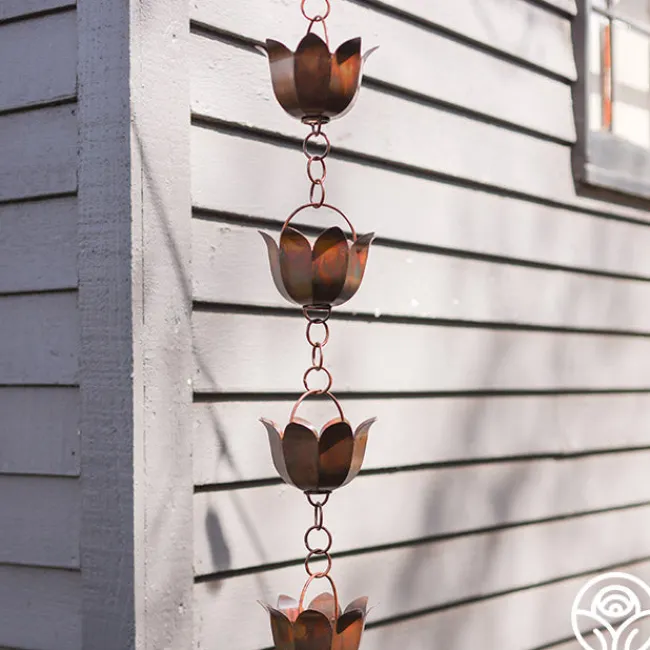 Lotus Rain Chain>Heirloom Roses Sale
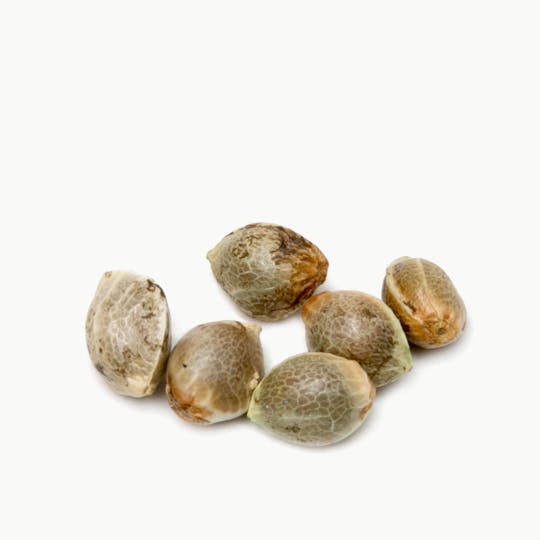 Spliff Seeds - Haze No. 1 Regular Cannabis Seeds - 1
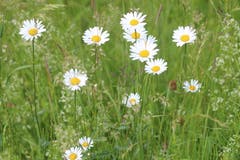 Margeriten geniessen die Sonne. (Bild: Josef Habermacher)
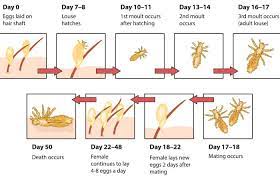 what is head lice life cycle how long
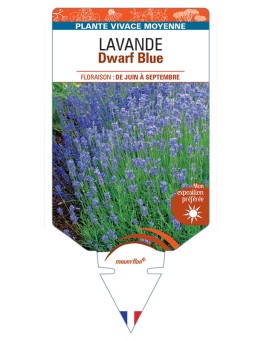 LAVANDULA (angustifolia) Dwarf Blue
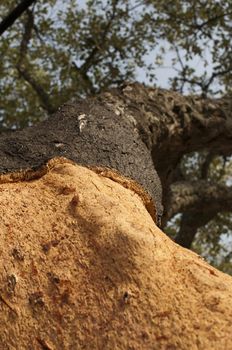 A corkwood tree. Commiphora spp.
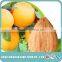premium Bulk Chinese sweet apricot seed, Chinese bitter apricot kernels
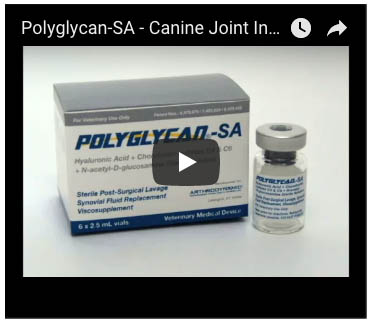 polyglycan-sa and Companion Animal: Joint Injection Techniques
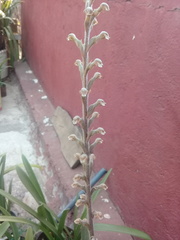 Sarcoglottis schaffneri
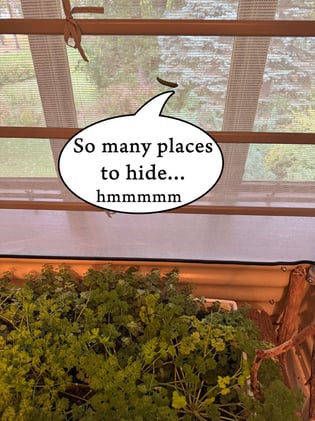 🖤 Swallowtail CHRYSALIDES- 3 and Counting 🌿🐛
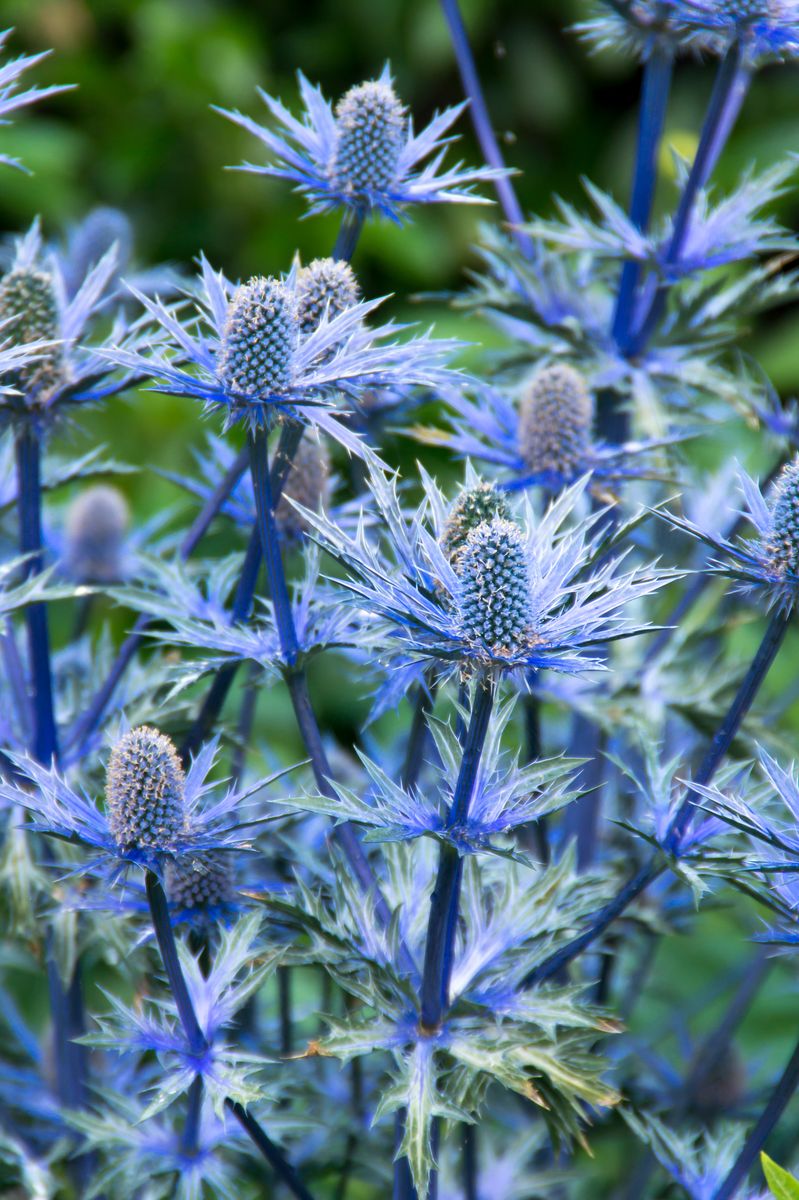 Eryngium olivierianum Big Blue. Hagestikle - 1 rot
****************************************
## About this task
Starting at the line that contains "and Counting 🌿🐛", output every line through the end of the data, both ends included, and nothing else; pictures stay out.

## Answer below
 🖤 Swallowtail CHRYSALIDES- 3 and Counting 🌿🐛
 Eryngium olivierianum Big Blue. Hagestikle - 1 rot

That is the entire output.